Il progetto nasce a San Paolo, Brasile, nel 2016 per mano del solista Mauro Cordeiro, con l’intento di unire gli stilemi più classici dell’hard rock, con l’heavy. Viene riscosso un discreto successo nel giro di breve, tanto che nel 18 aprile del 2017 viene pubblicato il primo album, ovvero quello che verrà posto sotto esame, “The lost arks of rock and roll”.

Nel caso non si conoscessero la storia e le intenzioni del progetto (e ignorando il titolo del disco), è sufficiente dare una breve occhiata alla cover dell’album per capire cosa si sta per ascoltare. Una sorta di Indiana Jones, non tanto dissimile da Mauro, col cappotto di pelle intento a fuggire da un tempio in fiamme impugnando una chitarra; la simpatica cover, disegnata da Milena Buzzinaro, ci fa capire in maniera diretta e leggera che Cordeiro vuole riportare alla luce vecchi (o classici) stili musicali, per donarli alla generazione attuale per il bene della musica (scienza).

E “The lost arks of rock and roll” non fa niente di più e niente di meno, proponendo un prodotto discretamente solido, con pezzi tutto sommato validi, e con un paio di tracce che rimangono in testa, proprio per via di quel non so ché di radiofonico.
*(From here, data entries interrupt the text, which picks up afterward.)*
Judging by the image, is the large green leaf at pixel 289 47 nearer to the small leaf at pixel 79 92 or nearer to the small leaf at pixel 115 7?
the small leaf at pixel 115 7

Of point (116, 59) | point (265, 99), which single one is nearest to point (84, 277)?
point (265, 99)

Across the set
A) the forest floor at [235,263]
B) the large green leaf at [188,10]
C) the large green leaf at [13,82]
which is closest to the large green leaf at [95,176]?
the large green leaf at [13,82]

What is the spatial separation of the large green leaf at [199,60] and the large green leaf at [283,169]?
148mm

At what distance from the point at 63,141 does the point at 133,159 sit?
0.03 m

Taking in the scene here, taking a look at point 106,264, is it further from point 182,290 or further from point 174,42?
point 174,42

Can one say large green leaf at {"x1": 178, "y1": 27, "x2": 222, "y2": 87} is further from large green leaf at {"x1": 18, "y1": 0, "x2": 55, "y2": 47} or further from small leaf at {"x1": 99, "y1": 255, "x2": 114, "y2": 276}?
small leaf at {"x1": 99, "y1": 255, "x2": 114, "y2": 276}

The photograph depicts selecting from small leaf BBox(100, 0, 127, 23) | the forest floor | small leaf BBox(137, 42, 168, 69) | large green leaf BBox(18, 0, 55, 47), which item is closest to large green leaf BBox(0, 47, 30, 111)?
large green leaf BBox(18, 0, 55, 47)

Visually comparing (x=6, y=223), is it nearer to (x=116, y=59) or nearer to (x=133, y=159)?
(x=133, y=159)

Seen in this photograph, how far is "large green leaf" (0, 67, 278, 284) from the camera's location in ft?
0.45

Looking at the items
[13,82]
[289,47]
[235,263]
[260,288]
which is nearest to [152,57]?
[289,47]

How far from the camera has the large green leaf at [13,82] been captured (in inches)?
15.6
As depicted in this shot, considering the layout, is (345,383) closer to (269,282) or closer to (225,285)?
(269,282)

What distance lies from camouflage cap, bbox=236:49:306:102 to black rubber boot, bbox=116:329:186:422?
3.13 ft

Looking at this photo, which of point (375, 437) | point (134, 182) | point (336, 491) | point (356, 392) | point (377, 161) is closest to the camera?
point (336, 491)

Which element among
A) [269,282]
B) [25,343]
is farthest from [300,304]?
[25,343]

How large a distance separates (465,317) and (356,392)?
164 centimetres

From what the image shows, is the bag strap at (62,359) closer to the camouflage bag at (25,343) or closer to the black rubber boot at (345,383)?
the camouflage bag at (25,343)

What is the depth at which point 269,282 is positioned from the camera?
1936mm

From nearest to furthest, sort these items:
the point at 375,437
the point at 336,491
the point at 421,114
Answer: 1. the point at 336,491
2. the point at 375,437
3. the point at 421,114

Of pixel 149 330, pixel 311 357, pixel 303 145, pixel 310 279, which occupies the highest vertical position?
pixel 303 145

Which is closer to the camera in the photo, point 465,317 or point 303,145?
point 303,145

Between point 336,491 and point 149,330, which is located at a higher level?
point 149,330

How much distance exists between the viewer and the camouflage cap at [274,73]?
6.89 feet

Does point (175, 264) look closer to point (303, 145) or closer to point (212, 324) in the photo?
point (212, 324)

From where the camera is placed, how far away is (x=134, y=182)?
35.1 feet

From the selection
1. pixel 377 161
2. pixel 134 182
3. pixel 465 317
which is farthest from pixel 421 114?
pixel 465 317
Il sapore ottantiano delle canzoni è tangibile, dove hard rock, glam, qualche accenno di heavy e un paio di citazioni di prog vivono in questo disco, mescolati, però, in una salsa che sa di nuovo e non di stantio.

Come detto ci sono alcuni pezzi validi, quali per esempio “Burning Wire”, non a caso ne trovate pure il video; molto energetica e coinvolgente, la quale soffre di un inizio forse eccessivamente spezzettato.
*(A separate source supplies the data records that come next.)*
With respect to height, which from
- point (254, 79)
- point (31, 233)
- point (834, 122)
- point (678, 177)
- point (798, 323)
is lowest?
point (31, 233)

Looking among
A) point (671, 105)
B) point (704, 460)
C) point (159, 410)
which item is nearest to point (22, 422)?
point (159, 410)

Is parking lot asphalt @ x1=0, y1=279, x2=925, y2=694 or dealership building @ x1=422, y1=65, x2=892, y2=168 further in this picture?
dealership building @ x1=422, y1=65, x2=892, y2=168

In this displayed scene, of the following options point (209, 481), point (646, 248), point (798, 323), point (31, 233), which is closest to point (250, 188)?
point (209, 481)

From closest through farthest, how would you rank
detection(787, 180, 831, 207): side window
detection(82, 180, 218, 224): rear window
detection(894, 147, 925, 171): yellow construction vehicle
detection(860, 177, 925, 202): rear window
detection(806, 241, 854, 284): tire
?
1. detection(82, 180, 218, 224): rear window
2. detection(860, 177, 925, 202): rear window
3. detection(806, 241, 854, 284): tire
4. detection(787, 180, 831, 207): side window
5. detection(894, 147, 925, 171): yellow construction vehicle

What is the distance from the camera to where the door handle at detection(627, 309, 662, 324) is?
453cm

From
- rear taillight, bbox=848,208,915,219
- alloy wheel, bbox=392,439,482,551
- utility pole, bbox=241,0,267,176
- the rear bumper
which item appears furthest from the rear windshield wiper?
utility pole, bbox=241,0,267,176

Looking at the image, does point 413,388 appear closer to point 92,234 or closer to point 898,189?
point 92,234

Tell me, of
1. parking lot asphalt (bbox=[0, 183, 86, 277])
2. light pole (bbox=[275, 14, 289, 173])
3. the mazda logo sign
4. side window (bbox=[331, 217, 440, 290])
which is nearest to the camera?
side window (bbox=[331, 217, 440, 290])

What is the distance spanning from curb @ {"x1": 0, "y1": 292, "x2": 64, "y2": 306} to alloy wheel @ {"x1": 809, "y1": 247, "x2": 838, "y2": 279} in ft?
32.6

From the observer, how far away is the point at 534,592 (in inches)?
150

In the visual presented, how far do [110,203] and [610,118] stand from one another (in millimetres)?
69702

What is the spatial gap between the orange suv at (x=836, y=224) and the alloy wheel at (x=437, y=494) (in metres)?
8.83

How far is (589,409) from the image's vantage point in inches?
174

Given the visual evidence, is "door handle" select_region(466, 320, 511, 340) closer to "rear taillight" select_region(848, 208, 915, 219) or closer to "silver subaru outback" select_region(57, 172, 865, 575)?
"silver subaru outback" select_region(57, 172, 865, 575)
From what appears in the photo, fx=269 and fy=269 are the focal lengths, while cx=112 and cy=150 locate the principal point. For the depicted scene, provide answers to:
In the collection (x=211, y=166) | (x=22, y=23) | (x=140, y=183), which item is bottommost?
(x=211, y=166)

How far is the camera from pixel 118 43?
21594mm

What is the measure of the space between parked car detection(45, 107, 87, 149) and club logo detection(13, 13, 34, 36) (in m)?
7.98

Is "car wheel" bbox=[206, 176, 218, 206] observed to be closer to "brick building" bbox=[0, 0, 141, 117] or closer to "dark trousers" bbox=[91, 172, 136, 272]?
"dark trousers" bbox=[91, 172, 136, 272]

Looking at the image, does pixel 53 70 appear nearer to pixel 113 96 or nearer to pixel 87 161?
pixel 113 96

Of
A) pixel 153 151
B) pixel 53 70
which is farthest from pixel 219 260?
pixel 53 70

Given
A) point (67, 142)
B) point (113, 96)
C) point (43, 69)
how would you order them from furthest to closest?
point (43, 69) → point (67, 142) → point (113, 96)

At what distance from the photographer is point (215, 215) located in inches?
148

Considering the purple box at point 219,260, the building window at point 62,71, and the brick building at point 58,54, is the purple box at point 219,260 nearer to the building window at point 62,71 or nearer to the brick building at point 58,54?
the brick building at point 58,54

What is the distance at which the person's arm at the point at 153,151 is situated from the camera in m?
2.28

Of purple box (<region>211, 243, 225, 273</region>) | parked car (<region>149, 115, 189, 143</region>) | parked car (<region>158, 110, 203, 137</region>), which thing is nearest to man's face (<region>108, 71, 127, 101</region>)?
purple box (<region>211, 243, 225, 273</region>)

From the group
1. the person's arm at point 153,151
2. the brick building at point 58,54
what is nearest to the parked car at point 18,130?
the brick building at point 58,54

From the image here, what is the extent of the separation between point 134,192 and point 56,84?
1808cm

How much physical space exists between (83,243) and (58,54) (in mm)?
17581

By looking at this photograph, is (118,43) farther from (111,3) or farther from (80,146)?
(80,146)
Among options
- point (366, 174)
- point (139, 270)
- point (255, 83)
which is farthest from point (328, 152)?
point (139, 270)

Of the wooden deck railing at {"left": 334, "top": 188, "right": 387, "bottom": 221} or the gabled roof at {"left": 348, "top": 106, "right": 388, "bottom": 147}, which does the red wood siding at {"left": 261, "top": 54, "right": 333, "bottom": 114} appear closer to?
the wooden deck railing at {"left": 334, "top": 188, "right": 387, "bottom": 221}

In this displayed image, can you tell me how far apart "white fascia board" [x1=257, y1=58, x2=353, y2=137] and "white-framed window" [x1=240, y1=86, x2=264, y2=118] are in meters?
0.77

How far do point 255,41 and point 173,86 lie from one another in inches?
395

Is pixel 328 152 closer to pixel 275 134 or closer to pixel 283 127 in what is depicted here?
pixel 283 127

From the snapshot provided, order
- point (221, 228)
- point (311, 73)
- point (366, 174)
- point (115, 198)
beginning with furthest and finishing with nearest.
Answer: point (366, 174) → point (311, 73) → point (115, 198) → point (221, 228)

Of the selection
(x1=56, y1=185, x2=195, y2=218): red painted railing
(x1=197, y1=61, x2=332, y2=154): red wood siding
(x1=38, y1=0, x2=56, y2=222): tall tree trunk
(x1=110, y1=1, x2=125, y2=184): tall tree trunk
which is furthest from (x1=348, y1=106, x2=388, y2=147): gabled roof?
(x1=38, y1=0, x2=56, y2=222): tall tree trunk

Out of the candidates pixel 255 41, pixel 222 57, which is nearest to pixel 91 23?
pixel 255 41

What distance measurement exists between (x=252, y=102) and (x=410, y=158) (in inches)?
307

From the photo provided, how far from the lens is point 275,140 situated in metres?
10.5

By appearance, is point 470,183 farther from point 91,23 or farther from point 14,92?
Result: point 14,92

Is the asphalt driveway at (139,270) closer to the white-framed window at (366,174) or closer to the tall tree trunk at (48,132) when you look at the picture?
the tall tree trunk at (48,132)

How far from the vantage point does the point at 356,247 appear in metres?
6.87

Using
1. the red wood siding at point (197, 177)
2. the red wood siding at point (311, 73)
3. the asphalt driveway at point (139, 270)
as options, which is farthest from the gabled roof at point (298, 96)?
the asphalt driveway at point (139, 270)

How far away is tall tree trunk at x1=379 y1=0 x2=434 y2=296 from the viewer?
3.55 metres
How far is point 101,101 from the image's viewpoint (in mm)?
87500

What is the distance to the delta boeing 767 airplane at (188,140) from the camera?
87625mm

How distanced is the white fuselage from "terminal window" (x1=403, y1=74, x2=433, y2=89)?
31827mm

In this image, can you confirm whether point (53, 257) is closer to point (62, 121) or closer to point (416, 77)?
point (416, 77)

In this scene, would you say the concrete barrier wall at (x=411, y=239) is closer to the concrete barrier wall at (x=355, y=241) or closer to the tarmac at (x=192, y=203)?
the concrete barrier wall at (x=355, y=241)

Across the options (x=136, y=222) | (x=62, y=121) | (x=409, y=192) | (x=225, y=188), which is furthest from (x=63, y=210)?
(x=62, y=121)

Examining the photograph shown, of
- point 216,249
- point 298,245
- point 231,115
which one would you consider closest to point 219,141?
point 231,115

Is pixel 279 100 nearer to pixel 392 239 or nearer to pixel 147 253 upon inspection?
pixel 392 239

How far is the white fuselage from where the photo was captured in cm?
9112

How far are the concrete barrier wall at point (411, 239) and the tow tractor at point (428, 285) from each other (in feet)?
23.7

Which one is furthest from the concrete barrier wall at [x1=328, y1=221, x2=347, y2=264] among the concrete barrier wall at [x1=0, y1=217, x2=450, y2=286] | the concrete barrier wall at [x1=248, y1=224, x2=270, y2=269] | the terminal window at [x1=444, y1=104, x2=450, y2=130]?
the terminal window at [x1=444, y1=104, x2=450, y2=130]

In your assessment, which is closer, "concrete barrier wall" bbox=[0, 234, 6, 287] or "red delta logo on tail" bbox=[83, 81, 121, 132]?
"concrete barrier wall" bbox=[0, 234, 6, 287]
Carina l’instrumentale “MotoCross”, poco meno di due minuti dove viene sprigionata un minimo di tecnica non fine a sé stessa.
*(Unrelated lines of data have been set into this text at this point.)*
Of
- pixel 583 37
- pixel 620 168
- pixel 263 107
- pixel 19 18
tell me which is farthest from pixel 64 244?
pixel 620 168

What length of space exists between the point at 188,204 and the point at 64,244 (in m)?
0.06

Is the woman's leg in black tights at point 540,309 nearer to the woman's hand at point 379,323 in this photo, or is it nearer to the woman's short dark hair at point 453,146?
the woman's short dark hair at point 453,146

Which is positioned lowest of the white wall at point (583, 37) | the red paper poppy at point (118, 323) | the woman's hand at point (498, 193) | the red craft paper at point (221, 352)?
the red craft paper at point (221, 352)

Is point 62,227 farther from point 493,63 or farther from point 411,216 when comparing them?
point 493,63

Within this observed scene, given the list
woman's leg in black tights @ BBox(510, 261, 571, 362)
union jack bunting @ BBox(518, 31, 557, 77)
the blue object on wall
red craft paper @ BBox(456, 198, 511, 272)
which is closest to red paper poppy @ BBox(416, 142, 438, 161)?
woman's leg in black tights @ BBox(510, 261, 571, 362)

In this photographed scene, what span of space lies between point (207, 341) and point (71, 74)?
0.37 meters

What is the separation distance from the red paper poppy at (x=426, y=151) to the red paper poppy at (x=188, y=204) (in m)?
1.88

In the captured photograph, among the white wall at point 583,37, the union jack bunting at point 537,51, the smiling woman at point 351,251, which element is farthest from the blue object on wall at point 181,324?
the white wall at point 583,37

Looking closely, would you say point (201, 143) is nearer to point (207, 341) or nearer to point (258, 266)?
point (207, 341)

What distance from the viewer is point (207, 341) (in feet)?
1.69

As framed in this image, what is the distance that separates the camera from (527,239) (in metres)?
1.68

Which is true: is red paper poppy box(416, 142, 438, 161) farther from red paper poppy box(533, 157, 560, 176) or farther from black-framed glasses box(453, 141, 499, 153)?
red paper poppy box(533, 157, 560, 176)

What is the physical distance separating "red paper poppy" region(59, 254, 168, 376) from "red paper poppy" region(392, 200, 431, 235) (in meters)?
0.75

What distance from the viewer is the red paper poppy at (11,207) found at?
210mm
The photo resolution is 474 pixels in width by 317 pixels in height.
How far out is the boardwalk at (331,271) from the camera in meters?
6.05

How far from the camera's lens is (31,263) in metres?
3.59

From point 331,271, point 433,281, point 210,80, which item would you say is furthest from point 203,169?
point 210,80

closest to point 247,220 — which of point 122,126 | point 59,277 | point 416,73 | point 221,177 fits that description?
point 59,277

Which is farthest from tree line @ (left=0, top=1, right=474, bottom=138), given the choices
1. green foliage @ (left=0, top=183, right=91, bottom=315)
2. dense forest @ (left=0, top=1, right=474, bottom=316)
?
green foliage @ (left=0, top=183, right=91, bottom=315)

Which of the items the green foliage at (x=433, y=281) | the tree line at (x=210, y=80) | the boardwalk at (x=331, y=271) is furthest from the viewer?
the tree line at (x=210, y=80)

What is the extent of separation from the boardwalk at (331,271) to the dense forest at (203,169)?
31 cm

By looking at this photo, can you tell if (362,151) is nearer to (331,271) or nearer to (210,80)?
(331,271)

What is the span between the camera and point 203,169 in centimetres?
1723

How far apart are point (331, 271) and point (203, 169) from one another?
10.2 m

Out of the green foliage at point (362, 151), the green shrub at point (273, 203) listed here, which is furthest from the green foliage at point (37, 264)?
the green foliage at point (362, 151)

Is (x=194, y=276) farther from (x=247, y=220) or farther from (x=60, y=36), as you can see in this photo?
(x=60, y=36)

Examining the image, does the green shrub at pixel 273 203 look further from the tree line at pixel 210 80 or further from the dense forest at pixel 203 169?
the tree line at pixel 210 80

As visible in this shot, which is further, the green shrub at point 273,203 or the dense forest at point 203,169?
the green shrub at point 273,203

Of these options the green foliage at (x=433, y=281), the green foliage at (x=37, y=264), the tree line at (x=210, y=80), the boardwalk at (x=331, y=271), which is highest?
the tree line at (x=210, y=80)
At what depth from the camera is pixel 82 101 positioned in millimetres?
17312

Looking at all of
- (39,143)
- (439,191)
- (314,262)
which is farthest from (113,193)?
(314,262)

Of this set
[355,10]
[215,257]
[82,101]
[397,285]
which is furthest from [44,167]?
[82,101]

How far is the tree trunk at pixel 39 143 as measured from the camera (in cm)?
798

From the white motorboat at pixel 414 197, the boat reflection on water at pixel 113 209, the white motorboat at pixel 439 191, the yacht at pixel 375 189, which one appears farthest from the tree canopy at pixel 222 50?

Convincenti l’opener “Peaple (We’re chosen ones)” e “The slammer”.

Mentre degna del doppio ruolo a lei assegnatole la conclusiva title track, la quale non solo pone un degno epilogo ma racchiude e riassume abbastanza bene tutto il percorso che l’ascoltatore, sin lì, ha compiuto.

La produzione patinata restituisce un suono pulito, dando l’impressione d’aver restaurato un disco scritto, composto e fatto uscire verso la fine degli anni settanta\nel pieno degli ottanta, rimanendo coerente con la cover dell’album.

Difetti non ce ne sono, dato che tra le mani abbiamo un prodotto abbastanza compatto, forse l’unica barriera è proprio il genere a cui Mauro si è rifatto, ma vista la qualità generale non c’è molto di cui lamentarsi.

Non stiamo parlando di un capolavoro, ma comunque di un prodotto decisamente ben confezionato, e modellato con una certa cura. Meritevole di una possibilità.